Nu ben ik altijd voorstander geweest van de regel ‘kerstboom pas na Sinterklaas opzetten’. Na de 5e is wat mij betreft vroeg genoeg voor cadeaustress, tafelschikking en gescheiden familie-ellende. Want vooral dat laatste blijft. Waar de vader van mijn kinderen het jarenlang prima vond dat kerst bij de Ootjes was, is daar ook de klad ingekomen sinds een nieuwe liefde intrede deed. Tel daar twee tienermeisjes bij op die hun eigen sterke voorkeur en dito wensen hebben, en de samengestelde legpuzzel is compleet.
Jarenlang woonde ik met de meisjes in het Bergkwartier, het stadsgedeelte van Deventer dat dit weekend decor is van het Dickensfestijn. Toen ze nog jong waren vonden de dochters dat prachtig. Van verkleden en oud speelgoed tot Christmas Carols zingen met je buren (want je bent als wijkbewoner verplicht te helpen of mee te doen). Ze verdienden hun zakcentje met ‘bedelen’. Met besmeurde gezichten van kranteninkt lagen ze op een kleedje zielig te kijken. Ze verdienden er gemiddeld zo’n 80 (!) euro mee. Ik was vooral blij als het weekend, inclusief 125.000 bezoekers die door jouw krappe straatje lopen, voorbij was.

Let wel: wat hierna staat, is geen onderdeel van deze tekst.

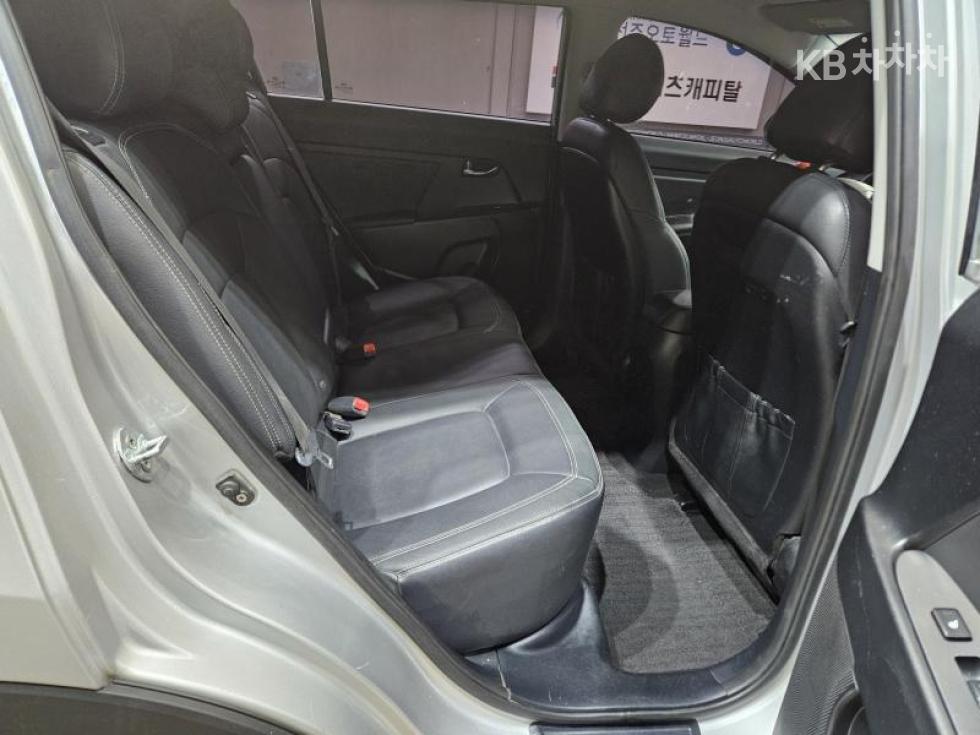 2013 - kia sportage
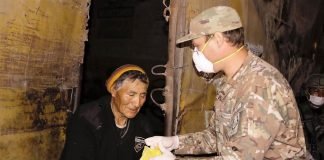 Donaciones en La Victoria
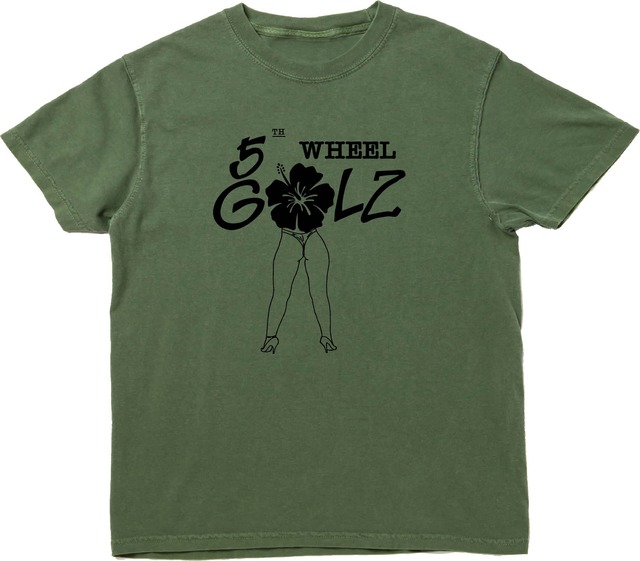 MAGNETIC PIMP #2　L/S Tee　green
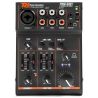 Compra Power Dynamics pdm-d301 mezclador 3 canales usb y tarjeta de sonido al mejor precio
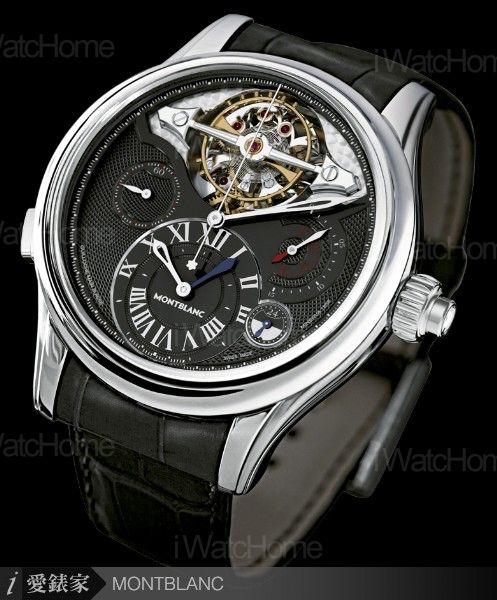 Villeret 1858 ExoTourbillon Chronographe陀飛輪計時腕錶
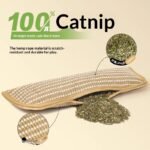 Cat Toy, Catnip Pillow, Self-amusing Chew Toy, Bite-resistant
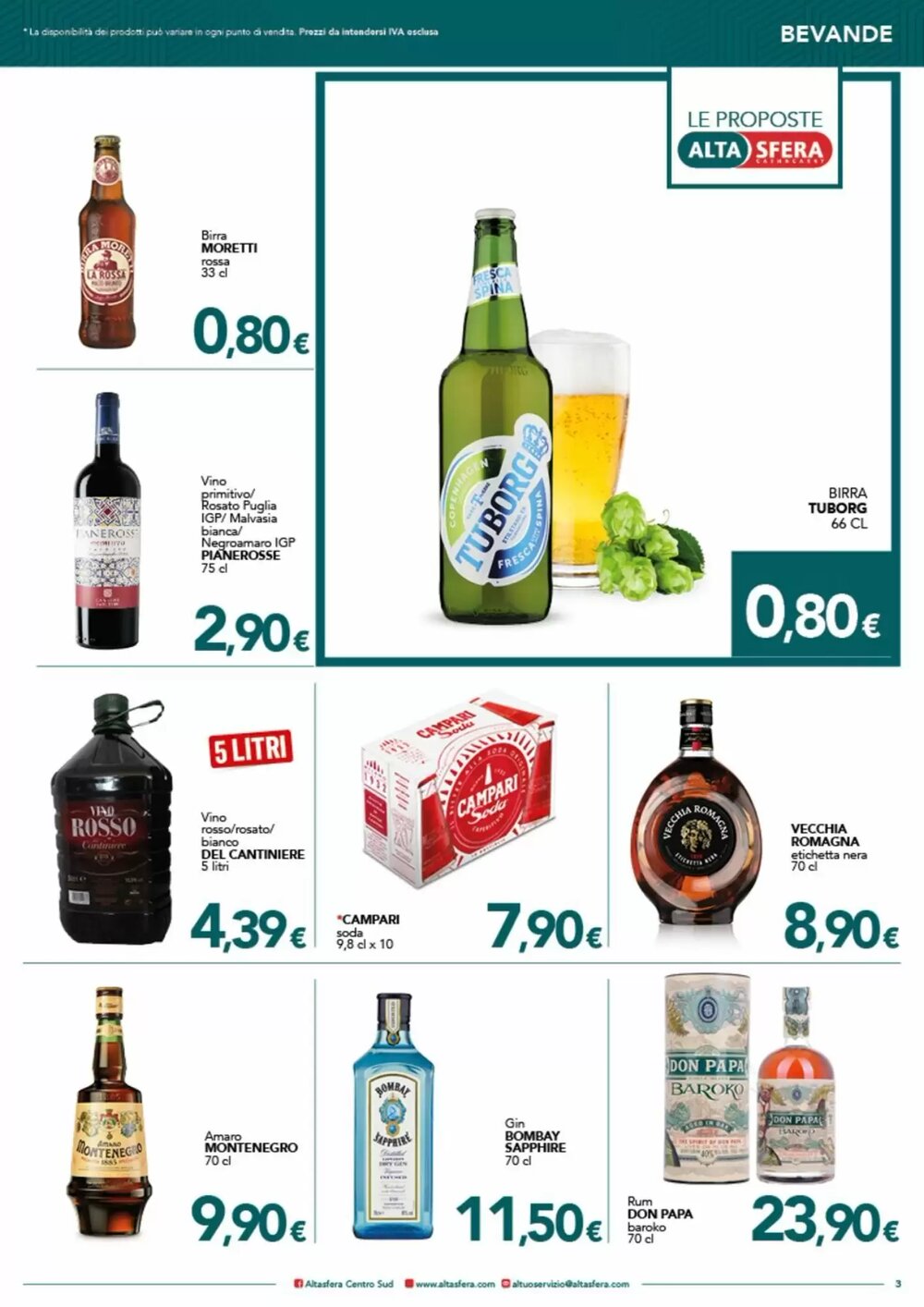 Volantino promozionale Altasfera  valide dal 25/02/2026 - Pagina 3.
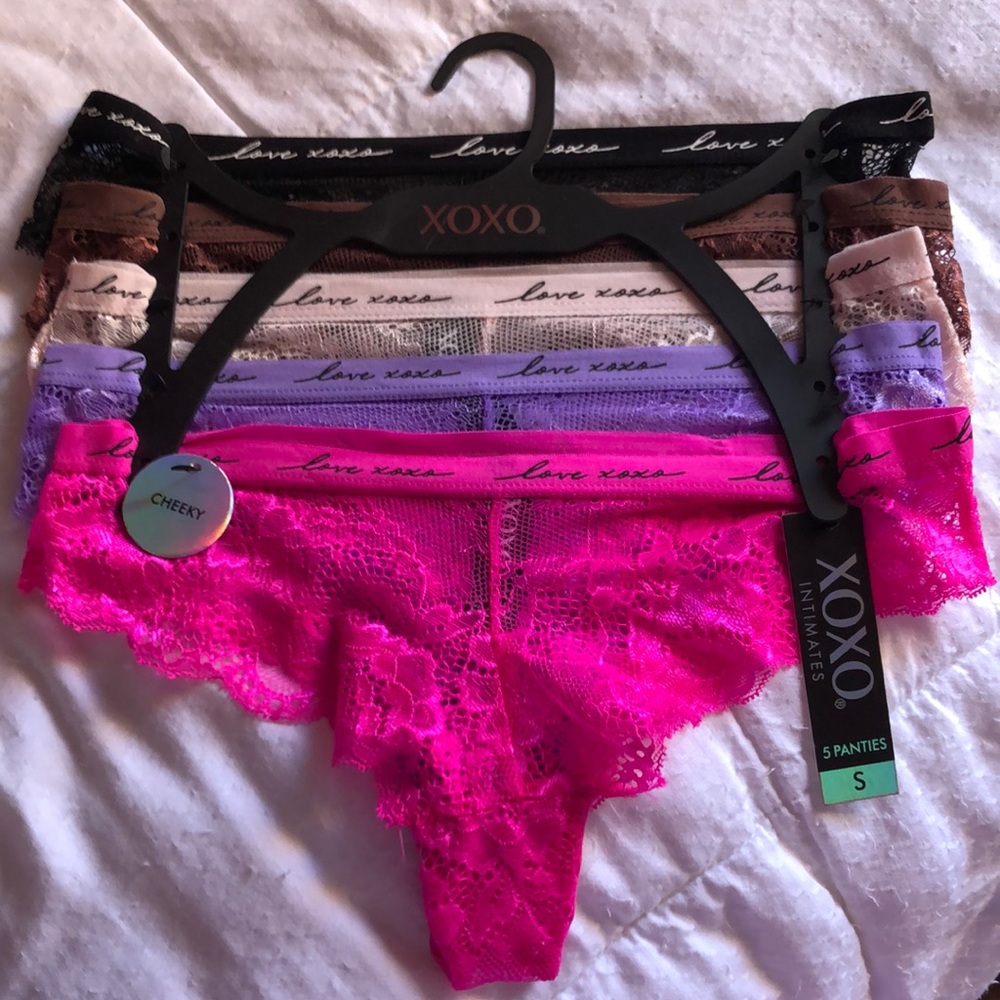 XOXO 5set panties brand new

We wonen inmiddels aan de andere kant van de stad en de tieners zijn nog steeds diehard kerstfan. Nu de Dickens-druk ervan af is en we mijn moeder verloren hebben, voelt kerst langzaamaan iets meer ontspannen. Ik ben in elk geval dankbaarder dan ooit. Dus als verrassing neem ik de meiden de komende tijd een keer mee naar een grote kerstmarkt in het buitenland. Jägertee en bratwurst zullen me op de been houden, wanneer mijn tieners kraampjes afstruinen voor nutteloze armbandjes, lelijke sokken en andere kerstmeuk die ze aanschaffen van hun zakgeld. Ik ga er, denk ik, zelfs een beetje van genieten.

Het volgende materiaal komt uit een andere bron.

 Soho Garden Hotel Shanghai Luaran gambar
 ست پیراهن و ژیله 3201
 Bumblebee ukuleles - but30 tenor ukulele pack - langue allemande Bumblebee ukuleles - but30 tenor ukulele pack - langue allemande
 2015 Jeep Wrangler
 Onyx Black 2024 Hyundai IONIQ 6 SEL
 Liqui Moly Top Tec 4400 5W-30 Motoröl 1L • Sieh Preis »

“Voel je niet verplicht bij mij te blijven tijdens kerst”, zeg ik al dagen tegen de meiden. “Ik weet niet welke plannen je vader heeft, maar daar kun je ook heen, wat jullie willen.” In de afgelopen jaren heb ik voor de lieve vrede me flexibel opgesteld. Andersom is dat niet altijd zo geweest.
Flexibel blijf ik omdat de meiden inmiddels een leeftijd hebben waarop je ze simpelweg niet naar familie en aanhang kunt of wilt meeslepen. Zij vinden kerst oprecht leuk en ik wil er voor hen alles aan doen om dat gevoel zo te behouden. Ik hoop dat ze niet uit plichtsbesef en loyaliteit bij een diner aanschuiven, maar omdat ze er zin in hebben en zich thuis voelen. Want dat is toch een beetje de kerstgedachte, lijkt me.